The Great Commodities Heist

The following commentary comes from an independent investor or market observer as part of TheStreet's guest contributor program, which is separate from the company's news coverage.

NEW YORK ( TheStreet) -- It is all so very simple when we view the big picture.

Bankrupt and near-bankrupt Western governments are stealing billions of dollars worth of various commodities from commodity-producers around the world. The evidence goes well beyond merely suggestive -- into the realm of absolutely conclusive.

What makes this scenario so unequivocal is that we have the equivalent of "signed confessions" of the crimes these governments are committing. Exhibit "A" is the monetary policy titled with the vile euphemism " competitive devaluation. " It is the deliberate attempt by governments to destroy the value of their currencies -- as fast as possible (i.e. "competitively").

Destroying the value of our currencies as rapidly as possible means exactly the same thing as raising prices as fast as possible. Which brings us to global commodity markets. If our governments (primarily Western governments) are deliberately trying to raise prices as fast as possible with their excessive money-printing, how can commodities prices have tumbled so far?

Arithmetic tells us there is only one possible answer. Global commodity markets have been fraudulently manipulated lower through the use of the primarily "paper" futures markets. Given the scope and magnitude of this commodities take-down, it can only be the result of coordinated actions by many governments and the multinational bankers who pull their strings.

The prime suspects are the Western deadbeat-debtors, who are nearly all large importers of commodities, and the major commodity importers -- with Japan and now China being the obvious culprits. The arithmetic here is absolute: As long as our governments engage in competitive devaluation, the price of everything can only go higher.

There is but one exception to this simple equation: any good and/or service for which there is excessive supply. The obvious example here is the U.S. housing market. With the most grossly over-supplied housing market in human history (and a market saturated with fraud), the downward price-pressure caused by this massive housing glut currently exceeds the upward inflationary pressures of competitive devaluation.

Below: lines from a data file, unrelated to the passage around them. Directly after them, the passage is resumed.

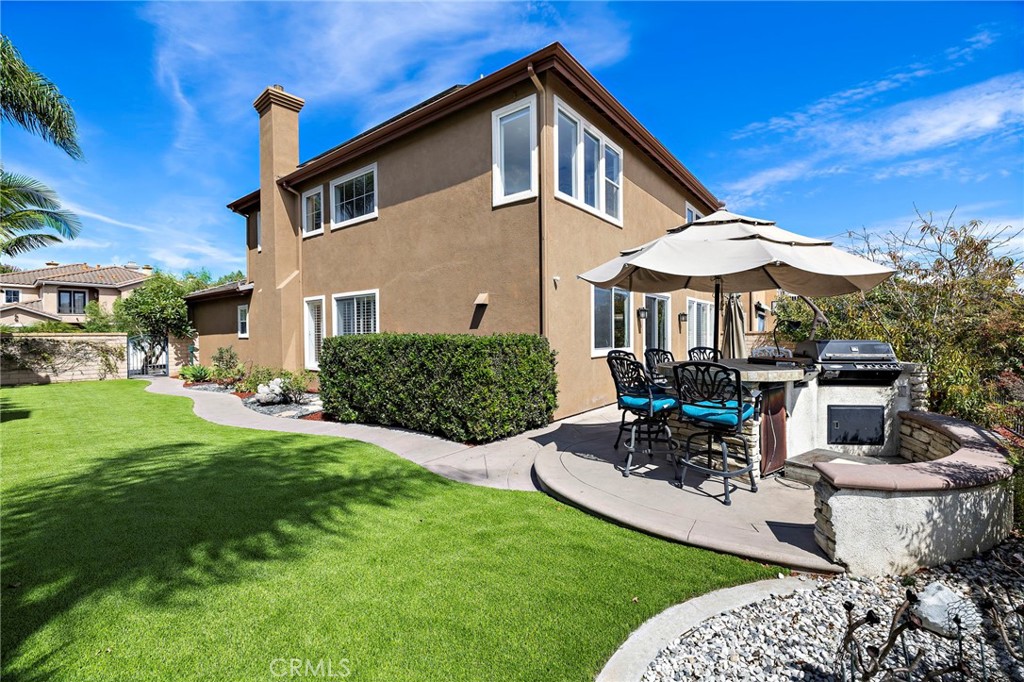 86 Endless, Aliso Viejo CA 92656 - photo 18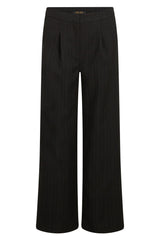 King Louie Rosa Pants Cortez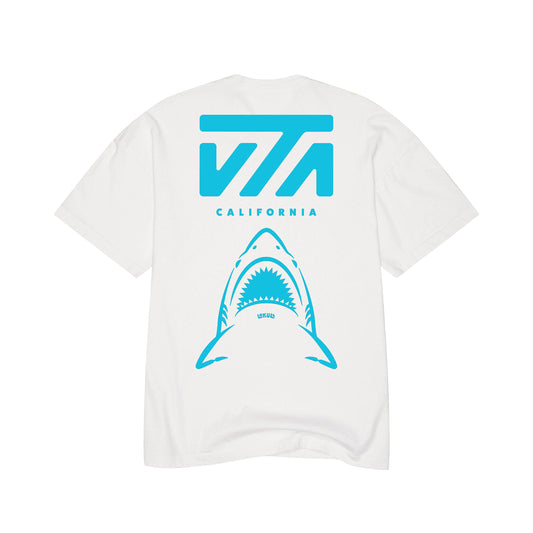 Ventura T-shirt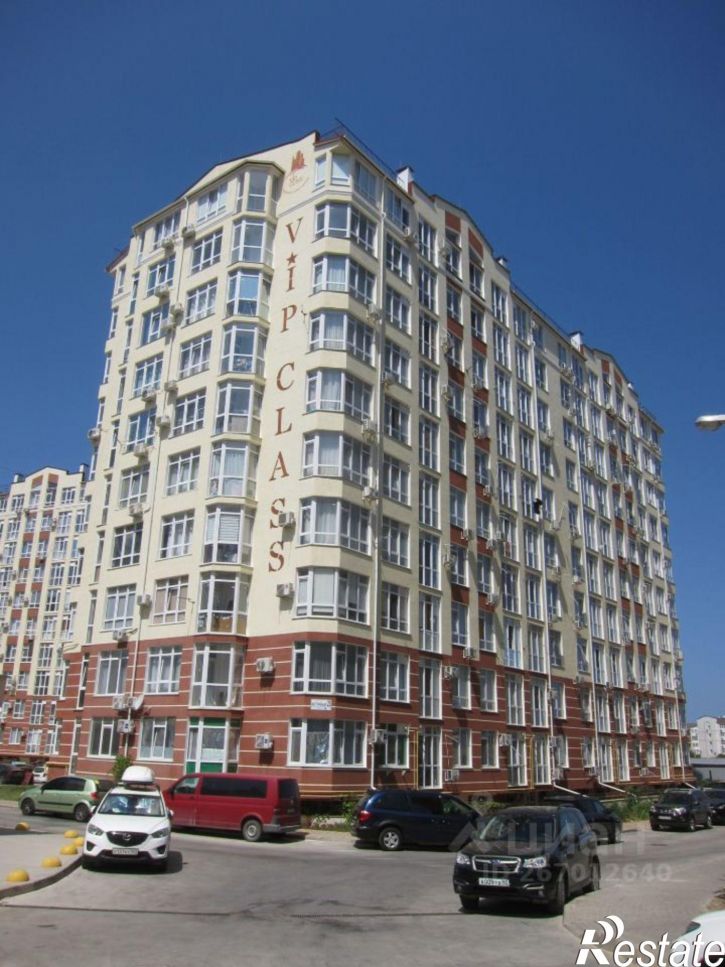 2-комн квартира Античный пр-кт, 26 4,  д. 26 4,  к. 4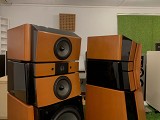 FOCAL / JMLAB Utopia  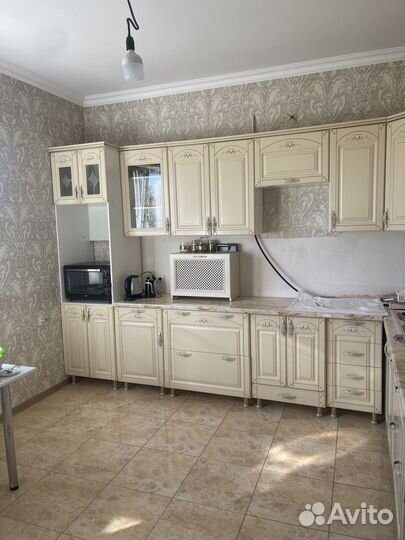 Кухонный гарнитур бу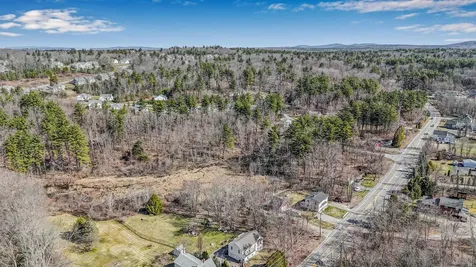 52 Whitehall Road Hooksett NH 03106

The situation in commodity markets is also unequivocal: Stockpiles of almost all commodities are either at historical averages, below historical averages, or already at critical levels. In other words, in terms of economic fundamentals there is no downward pressure on prices -- only (additional) upward pressure. There can be no rational or economic explanation for the severe plunges in commodity prices other than the fraudulent manipulation of markets.